Problem requirements:
Using the data below, transcribe exactly everything from the line that contains "man on field rising up hands" down to the line that contains "Three stamp albums and contents.". Include both of those lines and none of the pictures.

Material shown:
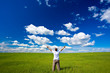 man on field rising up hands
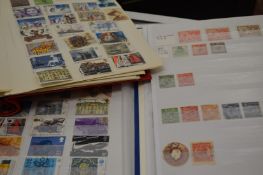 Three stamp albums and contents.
...
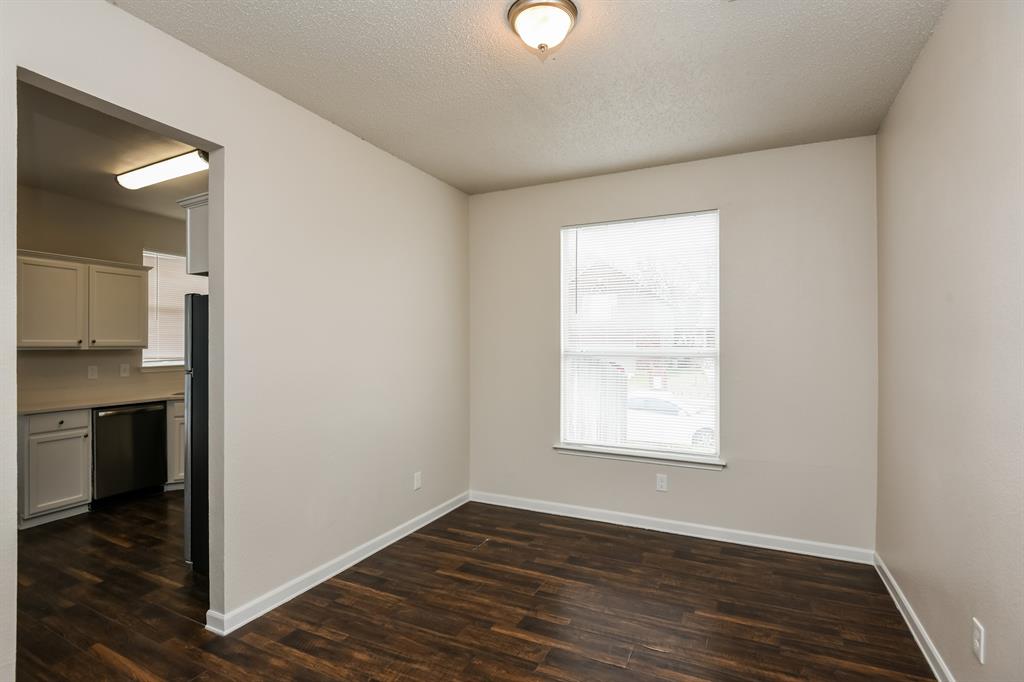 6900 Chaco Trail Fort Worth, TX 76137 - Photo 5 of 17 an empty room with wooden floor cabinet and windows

Task answer:
 man on field rising up hands
 Three stamp albums and contents.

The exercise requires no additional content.